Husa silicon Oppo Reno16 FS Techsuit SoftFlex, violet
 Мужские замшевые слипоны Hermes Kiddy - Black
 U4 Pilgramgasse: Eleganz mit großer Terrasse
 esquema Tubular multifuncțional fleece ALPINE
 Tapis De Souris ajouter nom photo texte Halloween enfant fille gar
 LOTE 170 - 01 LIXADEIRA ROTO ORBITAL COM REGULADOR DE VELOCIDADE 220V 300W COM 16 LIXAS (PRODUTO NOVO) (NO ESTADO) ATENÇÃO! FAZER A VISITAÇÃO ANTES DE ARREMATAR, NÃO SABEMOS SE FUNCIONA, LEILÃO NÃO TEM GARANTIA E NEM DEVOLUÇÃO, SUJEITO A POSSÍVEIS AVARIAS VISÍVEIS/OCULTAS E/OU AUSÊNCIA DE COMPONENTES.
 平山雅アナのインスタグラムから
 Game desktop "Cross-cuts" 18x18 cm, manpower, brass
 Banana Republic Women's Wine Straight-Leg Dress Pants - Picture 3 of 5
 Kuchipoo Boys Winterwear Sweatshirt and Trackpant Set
::::::::::
Exercise requirements
Emit an exact copy of the lines spanning the start of the records to the line containing "Tapis De Souris", inclusive, and no other output.

Output of the task
Husa silicon Oppo Reno16 FS Techsuit SoftFlex, violet
 Мужские замшевые слипоны Hermes Kiddy - Black
 U4 Pilgramgasse: Eleganz mit großer Terrasse
 esquema Tubular multifuncțional fleece ALPINE
 Tapis De Souris ajouter nom photo texte Halloween enfant fille gar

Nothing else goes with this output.